Yarn源码剖析（四）-- AM的注册与资源调度申请Container及启动

AM注册到RM

1. 从Yarn源码剖析（三）-- ApplicationMaster的启动可知提交应用程序至yarn时最后启动了ApplicationMaster类，所以我们直接来看这个类（是spark自己封装的AM）的main方法，可以看到spark是通过调用AMRMClient客户端来调用相关API来实现AM注册的，以及资源的调度。

amClient = AMRMClient.createAMRMClient()  //创建一个客户端实例
amClient.init(conf)  //初始化
amClient.start()  //启动客户端
this.uiHistoryAddress = uiHistoryAddress

val trackingUrl = uiAddress.getOrElse {
  if (sparkConf.get(ALLOW_HISTORY_SERVER_TRACKING_URL)) uiHistoryAddress else ""
}

logInfo("Registering the ApplicationMaster")
synchronized {
  amClient.registerApplicationMaster(Utils.localHostName(), 0, trackingUrl)  //注册AM
  registered = true
}

2. 那我们就对应这几个API到hadoop源码中去剖析AM注册启动的过程，先从AMRMClient.createAMRMClient()入手，我们找到hadoop代码中org.apache.hadoop.yarn.client.api.AMRMClient这个类（hadoop是2.7.4版本的代码），可以看到就是new了一个实现类AMRMClientImpl

public static <T extends ContainerRequest> AMRMClient<T> createAMRMClient() {
  AMRMClient<T> client = new AMRMClientImpl<T>();
  return client;
}

3. 接下来看一下amClient.init(conf)的初始化方法，那我们这里显然是由 AMRMClientImpl()实现，因此我们去看它的serviceInit(),内部就是把配置文件做了一个初始化，就不多做分析了。接着看amClient.start()方法，它同init()方法一样，相关的初始化和启动方法在Yarn源码剖析（一） --- RM与NM服务启动以及心跳通信有做介绍，显然也是由AMRMClientImpl()实现的，内部就实现了为指定的协议创建资源管理器的代理。
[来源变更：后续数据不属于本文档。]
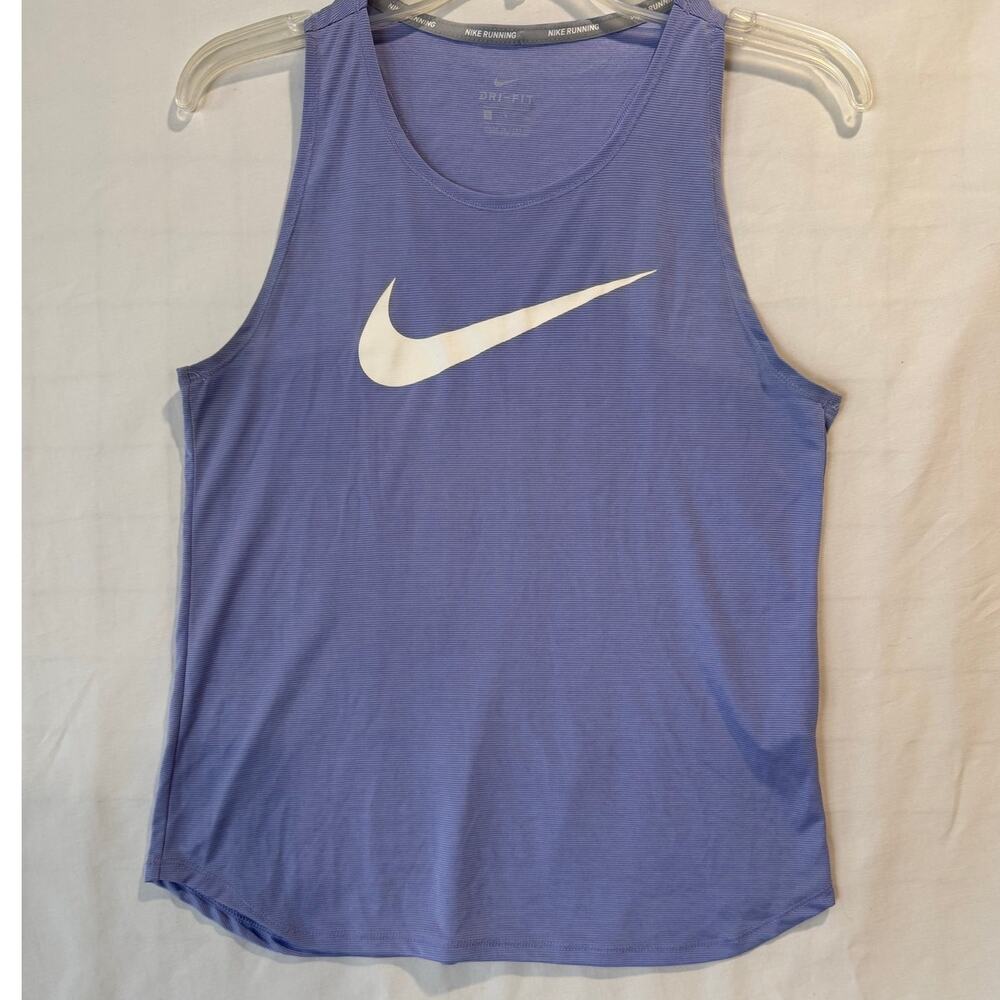 Women's Nike Swoosh Run Tank Purple Lilac Dri-Fit Small Lightweight Breathable - Picture 2 of 7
至此AM服务的初始化、启动就完成了，接下来就是注册这个AM到RM上了，从spark端的代码中可以看到，是调用了AMRMClient.registerApplicationMaster()方法。

synchronized {
  amClient.registerApplicationMaster(Utils.localHostName(), 0, trackingUrl)
  registered = true
}

4. 那我们就来看一下这个代码AMRMClient.registerApplicationMaster()，由它的实现类AMRMClientImpl()实现。
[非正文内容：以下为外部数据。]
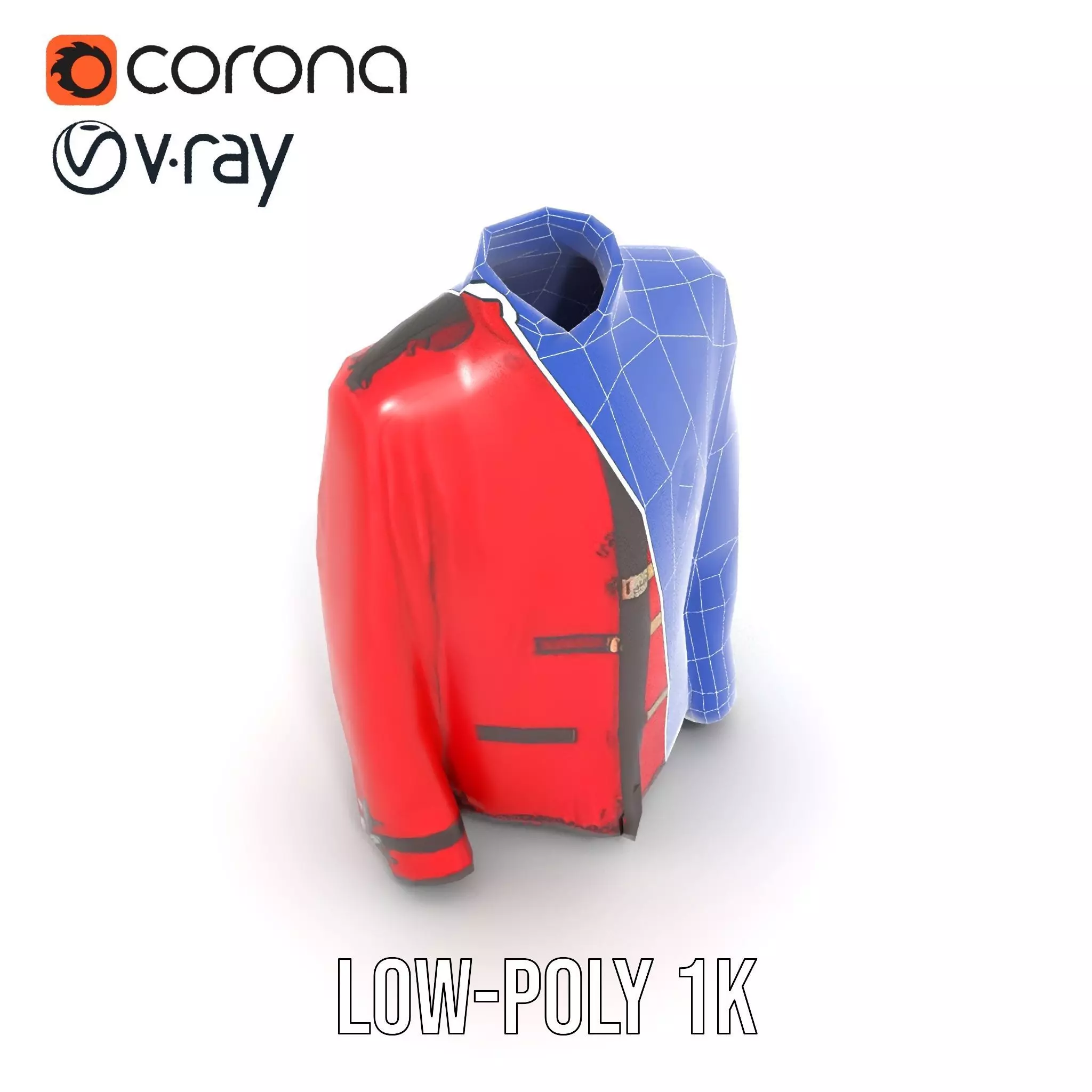 Classic Red Jacket model pack Low-poly 3D model_27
  private RegisterApplicationMasterResponse registerApplicationMaster()
      throws YarnException, IOException {
      //设置资源请求
    RegisterApplicationMasterRequest request =
        RegisterApplicationMasterRequest.newInstance(this.appHostName,
            this.appHostPort, this.appTrackingUrl);
            //获取响应
    RegisterApplicationMasterResponse response =
        rmClient.registerApplicationMaster(request);  //关键方法
    synchronized (this) {
      lastResponseId = 0;
      if (!response.getNMTokensFromPreviousAttempts().isEmpty()) {
        populateNMTokens(response.getNMTokensFromPreviousAttempts());
      }
    }
    return response;
  }

5. 很明显这里有一个非常关键的方法rmClient.registerApplicationMaster(request)，点进去发现这个方法由AM的服务端代码来实现，这内部就是真正做注册的事情了。下面这段代码就是内部真正做注册的代码，这块代码涉及到yarn状态机的转换，通过提交不同的事件来做相应的处理，这块内容单独拿出来讲完全可以形成一篇长文，所以有兴趣的朋友可以自己去阅读源码或者查阅资料。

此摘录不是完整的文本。